Dataset items:
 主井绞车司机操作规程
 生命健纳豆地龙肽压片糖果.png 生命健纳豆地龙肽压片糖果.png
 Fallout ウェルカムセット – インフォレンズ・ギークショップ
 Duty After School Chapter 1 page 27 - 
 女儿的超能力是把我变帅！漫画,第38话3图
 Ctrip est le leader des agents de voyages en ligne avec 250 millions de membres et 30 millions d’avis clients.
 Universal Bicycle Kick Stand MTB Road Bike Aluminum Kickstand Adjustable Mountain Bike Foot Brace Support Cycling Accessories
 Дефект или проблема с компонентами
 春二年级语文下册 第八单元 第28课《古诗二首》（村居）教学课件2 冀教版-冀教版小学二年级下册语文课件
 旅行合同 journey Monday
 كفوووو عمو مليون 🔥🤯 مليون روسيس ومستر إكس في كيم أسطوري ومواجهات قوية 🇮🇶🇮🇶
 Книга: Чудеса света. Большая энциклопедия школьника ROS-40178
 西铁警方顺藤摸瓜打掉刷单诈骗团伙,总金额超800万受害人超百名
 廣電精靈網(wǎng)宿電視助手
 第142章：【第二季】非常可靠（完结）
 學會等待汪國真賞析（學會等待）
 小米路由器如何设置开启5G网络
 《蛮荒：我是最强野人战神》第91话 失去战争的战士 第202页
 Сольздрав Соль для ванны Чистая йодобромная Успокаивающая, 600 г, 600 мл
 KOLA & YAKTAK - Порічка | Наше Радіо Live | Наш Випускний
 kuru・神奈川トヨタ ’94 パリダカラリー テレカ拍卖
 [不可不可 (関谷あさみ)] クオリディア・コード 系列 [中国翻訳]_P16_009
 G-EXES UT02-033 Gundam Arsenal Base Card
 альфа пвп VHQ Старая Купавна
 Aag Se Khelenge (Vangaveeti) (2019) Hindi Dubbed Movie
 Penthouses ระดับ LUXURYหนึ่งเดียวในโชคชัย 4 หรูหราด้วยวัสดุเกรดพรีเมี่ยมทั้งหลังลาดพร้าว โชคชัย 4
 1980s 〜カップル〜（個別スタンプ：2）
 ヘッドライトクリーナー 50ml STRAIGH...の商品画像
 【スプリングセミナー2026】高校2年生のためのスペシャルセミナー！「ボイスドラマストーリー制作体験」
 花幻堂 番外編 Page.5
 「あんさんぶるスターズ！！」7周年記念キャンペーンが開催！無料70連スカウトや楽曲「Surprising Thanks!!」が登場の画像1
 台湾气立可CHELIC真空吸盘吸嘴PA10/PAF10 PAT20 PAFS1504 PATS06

Problem requirements: An accurate, complete transcription of the records above is needed.

Written reply:
 主井绞车司机操作规程
 生命健纳豆地龙肽压片糖果.png 生命健纳豆地龙肽压片糖果.png
 Fallout ウェルカムセット – インフォレンズ・ギークショップ
 Duty After School Chapter 1 page 27 - 
 女儿的超能力是把我变帅！漫画,第38话3图
 Ctrip est le leader des agents de voyages en ligne avec 250 millions de membres et 30 millions d’avis clients.
 Universal Bicycle Kick Stand MTB Road Bike Aluminum Kickstand Adjustable Mountain Bike Foot Brace Support Cycling Accessories
 Дефект или проблема с компонентами
 春二年级语文下册 第八单元 第28课《古诗二首》（村居）教学课件2 冀教版-冀教版小学二年级下册语文课件
 旅行合同 journey Monday
 كفوووو عمو مليون 🔥🤯 مليون روسيس ومستر إكس في كيم أسطوري ومواجهات قوية 🇮🇶🇮🇶
 Книга: Чудеса света. Большая энциклопедия школьника ROS-40178
 西铁警方顺藤摸瓜打掉刷单诈骗团伙,总金额超800万受害人超百名
 廣電精靈網(wǎng)宿電視助手
 第142章：【第二季】非常可靠（完结）
 學會等待汪國真賞析（學會等待）
 小米路由器如何设置开启5G网络
 《蛮荒：我是最强野人战神》第91话 失去战争的战士 第202页
 Сольздрав Соль для ванны Чистая йодобромная Успокаивающая, 600 г, 600 мл
 KOLA & YAKTAK - Порічка | Наше Радіо Live | Наш Випускний
 kuru・神奈川トヨタ ’94 パリダカラリー テレカ拍卖
 [不可不可 (関谷あさみ)] クオリディア・コード 系列 [中国翻訳]_P16_009
 G-EXES UT02-033 Gundam Arsenal Base Card
 альфа пвп VHQ Старая Купавна
 Aag Se Khelenge (Vangaveeti) (2019) Hindi Dubbed Movie
 Penthouses ระดับ LUXURYหนึ่งเดียวในโชคชัย 4 หรูหราด้วยวัสดุเกรดพรีเมี่ยมทั้งหลังลาดพร้าว โชคชัย 4
 1980s 〜カップル〜（個別スタンプ：2）
 ヘッドライトクリーナー 50ml STRAIGH...の商品画像
 【スプリングセミナー2026】高校2年生のためのスペシャルセミナー！「ボイスドラマストーリー制作体験」
 花幻堂 番外編 Page.5
 「あんさんぶるスターズ！！」7周年記念キャンペーンが開催！無料70連スカウトや楽曲「Surprising Thanks!!」が登場の画像1
 台湾气立可CHELIC真空吸盘吸嘴PA10/PAF10 PAT20 PAFS1504 PATS06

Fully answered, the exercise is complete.